Saving you 15 minutes is a blog about all the little things you hit on a day to day basis which could probably save another DBA about 15 minutes, if they knew about it…
Databases upgrades on large production environments using clustering technology not replicated in pre-production environments are pieces of work which are only enjoyable once you have finished. The day before an upgrade I was copying some RMAN pieces to a test server to then do a quick test upgrade. I had done this many times before as part of the upgrade plan and I found myself with a bit of spare time so I thought I would give it another go, just in case.
Process is simple with the layout identical to production, restore controlfiles, mount the database restore the database, recover, simple. However when I came to the restore I kept getting this error out of RMAN: ORA-01861: literal does not match format string.
I spent a bit of time trying to work out what was going wrong, in fact probably too much time, as what I was trying to do was so simple, in a way it makes it more confusing. Anyway I started to look around on MOS and found this, RMAN Recovery Session Fails with ORA-1861.
It seems that my controlfile has an invalid date, in fact by dumping out the controlfile to a text file (SQL> alter session set events ‘immediate trace name controlf level 20′;) and then using a Unix split command (the output was too big to look at in one chunk) I found the issue. It seems that the latest controlfile backup had a completion time of 31st February, that well known made up date.
How this happened I don’t know and I am currently trying to work it out. Here is the entry from the dump.
RECID #477319 Recno 5319 Record timestamp 02/25/14 16:29:49 piece #1 copy #1 pool 0 Backup set key: stamp=831602190, count=467255 V$RMAN_STATUS: recid=18446741324928359424, stamp=18446741324928359416 Flags: <concurrent access> Device: DISK Handle: /u01…. Media-Handle: Comment: Tag: TAG20131116T003630 Completion time 02/31/14 02:17:24
What was slightly more interesting is when I came back to replicate this issue I couldn’t, it was using a controlfile backup from the following day. I dumped out the controlfile and then try to locate the same record.

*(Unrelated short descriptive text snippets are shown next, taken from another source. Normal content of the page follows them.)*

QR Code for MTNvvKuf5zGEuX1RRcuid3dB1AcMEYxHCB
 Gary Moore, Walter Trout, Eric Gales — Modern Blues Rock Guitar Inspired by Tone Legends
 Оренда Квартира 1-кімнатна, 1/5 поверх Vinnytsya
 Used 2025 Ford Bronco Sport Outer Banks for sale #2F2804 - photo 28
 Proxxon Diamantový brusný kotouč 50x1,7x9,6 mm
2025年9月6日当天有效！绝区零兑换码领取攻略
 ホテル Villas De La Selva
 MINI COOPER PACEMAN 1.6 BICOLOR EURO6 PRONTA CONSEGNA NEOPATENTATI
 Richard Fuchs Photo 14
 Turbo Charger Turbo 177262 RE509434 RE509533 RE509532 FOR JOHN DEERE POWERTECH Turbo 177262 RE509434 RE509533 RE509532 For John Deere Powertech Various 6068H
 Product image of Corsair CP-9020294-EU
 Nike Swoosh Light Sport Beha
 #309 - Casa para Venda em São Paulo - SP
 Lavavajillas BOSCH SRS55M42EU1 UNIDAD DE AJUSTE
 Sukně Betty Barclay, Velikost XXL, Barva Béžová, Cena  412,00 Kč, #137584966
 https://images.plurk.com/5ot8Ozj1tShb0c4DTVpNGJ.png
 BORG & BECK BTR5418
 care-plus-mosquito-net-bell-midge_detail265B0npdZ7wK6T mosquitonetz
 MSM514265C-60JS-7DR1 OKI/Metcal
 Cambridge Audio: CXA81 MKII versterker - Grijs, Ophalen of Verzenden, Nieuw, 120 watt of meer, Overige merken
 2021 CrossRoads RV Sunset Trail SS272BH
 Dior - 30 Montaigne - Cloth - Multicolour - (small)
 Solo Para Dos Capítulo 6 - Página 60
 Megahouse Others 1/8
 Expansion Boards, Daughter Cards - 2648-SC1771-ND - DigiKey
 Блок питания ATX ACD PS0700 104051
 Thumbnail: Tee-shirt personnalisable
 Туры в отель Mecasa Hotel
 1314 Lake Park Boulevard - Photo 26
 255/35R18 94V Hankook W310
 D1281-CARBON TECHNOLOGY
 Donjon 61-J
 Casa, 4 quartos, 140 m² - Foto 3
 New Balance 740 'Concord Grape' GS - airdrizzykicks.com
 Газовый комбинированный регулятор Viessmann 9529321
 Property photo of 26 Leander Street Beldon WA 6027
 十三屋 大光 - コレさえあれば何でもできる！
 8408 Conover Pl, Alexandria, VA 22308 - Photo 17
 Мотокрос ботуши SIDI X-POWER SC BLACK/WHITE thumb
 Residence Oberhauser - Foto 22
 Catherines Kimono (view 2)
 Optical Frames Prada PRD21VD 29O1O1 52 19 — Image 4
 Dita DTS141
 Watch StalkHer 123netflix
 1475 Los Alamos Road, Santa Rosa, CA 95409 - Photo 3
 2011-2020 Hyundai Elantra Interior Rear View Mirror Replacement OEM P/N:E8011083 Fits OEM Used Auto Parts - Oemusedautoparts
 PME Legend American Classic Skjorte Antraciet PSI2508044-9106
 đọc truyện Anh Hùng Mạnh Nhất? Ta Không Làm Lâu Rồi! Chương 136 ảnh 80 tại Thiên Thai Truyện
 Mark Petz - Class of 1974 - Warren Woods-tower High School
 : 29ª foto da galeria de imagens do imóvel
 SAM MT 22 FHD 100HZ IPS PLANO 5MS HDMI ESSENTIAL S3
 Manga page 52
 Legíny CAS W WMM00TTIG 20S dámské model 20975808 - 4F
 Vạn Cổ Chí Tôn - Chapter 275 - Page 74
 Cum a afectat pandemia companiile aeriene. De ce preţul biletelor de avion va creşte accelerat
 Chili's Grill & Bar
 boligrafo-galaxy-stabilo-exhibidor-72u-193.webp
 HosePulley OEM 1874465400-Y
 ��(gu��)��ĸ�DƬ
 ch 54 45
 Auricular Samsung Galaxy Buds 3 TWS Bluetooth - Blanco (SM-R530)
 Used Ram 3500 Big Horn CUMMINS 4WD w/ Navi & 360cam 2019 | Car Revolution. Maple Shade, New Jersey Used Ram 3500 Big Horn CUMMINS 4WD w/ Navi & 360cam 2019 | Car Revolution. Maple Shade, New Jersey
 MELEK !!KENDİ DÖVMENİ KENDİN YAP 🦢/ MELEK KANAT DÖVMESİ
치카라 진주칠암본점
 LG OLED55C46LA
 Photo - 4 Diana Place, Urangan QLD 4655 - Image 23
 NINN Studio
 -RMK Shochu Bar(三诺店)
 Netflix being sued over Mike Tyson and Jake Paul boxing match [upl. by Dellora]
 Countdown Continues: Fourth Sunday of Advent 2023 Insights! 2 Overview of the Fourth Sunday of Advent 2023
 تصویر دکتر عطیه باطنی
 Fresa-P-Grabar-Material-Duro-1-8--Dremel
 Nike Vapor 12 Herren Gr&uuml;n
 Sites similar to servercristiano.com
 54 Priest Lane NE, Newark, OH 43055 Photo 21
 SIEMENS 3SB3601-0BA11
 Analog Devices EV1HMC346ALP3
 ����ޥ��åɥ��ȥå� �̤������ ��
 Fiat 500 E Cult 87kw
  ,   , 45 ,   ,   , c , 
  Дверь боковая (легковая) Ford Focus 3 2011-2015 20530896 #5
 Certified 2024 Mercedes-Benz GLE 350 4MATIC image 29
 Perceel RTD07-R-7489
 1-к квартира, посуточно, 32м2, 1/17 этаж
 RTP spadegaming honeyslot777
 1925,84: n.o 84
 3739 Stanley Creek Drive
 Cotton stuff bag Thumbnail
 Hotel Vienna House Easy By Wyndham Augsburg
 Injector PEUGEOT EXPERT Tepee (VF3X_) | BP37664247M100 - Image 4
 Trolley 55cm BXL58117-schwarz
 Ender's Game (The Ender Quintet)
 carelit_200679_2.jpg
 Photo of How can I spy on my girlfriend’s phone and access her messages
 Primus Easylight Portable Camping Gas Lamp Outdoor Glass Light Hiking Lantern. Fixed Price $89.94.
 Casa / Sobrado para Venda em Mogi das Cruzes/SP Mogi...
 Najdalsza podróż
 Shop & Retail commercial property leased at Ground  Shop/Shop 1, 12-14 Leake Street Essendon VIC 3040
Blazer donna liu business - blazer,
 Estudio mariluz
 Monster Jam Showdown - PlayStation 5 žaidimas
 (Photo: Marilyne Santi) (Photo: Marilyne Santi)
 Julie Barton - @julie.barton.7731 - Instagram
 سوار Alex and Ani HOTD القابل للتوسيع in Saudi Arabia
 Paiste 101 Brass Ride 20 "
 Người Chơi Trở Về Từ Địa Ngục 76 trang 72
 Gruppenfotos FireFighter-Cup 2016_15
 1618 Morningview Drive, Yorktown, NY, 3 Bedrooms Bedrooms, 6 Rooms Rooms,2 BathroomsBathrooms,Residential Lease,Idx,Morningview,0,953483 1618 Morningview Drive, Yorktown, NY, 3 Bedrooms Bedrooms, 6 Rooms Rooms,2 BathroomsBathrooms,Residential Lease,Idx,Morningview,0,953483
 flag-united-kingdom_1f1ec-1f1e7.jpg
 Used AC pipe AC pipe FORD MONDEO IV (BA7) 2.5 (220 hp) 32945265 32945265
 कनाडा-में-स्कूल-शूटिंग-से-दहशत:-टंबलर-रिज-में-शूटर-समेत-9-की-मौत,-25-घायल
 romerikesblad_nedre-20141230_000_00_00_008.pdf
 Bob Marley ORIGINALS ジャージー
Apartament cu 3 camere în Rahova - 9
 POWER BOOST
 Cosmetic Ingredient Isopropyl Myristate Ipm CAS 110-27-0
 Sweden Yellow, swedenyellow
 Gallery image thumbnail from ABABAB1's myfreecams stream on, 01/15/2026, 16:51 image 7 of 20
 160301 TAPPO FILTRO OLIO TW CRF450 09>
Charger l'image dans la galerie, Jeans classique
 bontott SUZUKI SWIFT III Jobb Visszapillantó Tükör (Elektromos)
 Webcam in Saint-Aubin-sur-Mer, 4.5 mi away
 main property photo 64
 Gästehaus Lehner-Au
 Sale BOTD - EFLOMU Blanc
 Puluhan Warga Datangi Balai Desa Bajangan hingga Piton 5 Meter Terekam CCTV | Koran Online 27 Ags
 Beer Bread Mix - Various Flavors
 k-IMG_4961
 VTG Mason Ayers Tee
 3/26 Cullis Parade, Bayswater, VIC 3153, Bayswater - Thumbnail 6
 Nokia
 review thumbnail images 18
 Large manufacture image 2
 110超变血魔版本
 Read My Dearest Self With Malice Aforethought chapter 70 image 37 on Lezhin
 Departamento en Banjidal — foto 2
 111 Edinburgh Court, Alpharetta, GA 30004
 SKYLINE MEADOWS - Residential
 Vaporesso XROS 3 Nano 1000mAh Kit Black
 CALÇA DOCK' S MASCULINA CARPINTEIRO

RECID #467208 Recno 8008 Record timestamp 11/16/13 00:36:34 piece #1 copy #1 pool 0 Backup set key: stamp=831602190, count=467255 V$RMAN_STATUS: recid=18446741324928359552, stamp=18446741324928359544 Flags: <deleted> <concurrent access> Device: DISK Handle: /u01 Media-Handle: Comment: Tag: TAG20131116T003630 Completion time 11/16/13 00:36:35
Of course I didn’t hit the same issue when I came to do the restore so you could argue what’s the problem. For me it is an issue of consistency, I don’t like intermittent issues which I can’t control. So in fact every day since I have hit this I have been doing test restores but I can’t replicate the issue. As we have more confidence in the process now it seems academic to try and work out what caused the original rogue record. I guess which each full restore and re-cataloguing of the recovery area all the backup pieces will have different IDs etc. Further dumping of the controlfiles has shown Completion Times in the future which doesn’t seem right but as these are valid dates it won’t through up the same literal error. Anyway if you have ever come across this before and you can shed some light on the Oracle internals of controlfiles then maybe you can save me 15 minutes.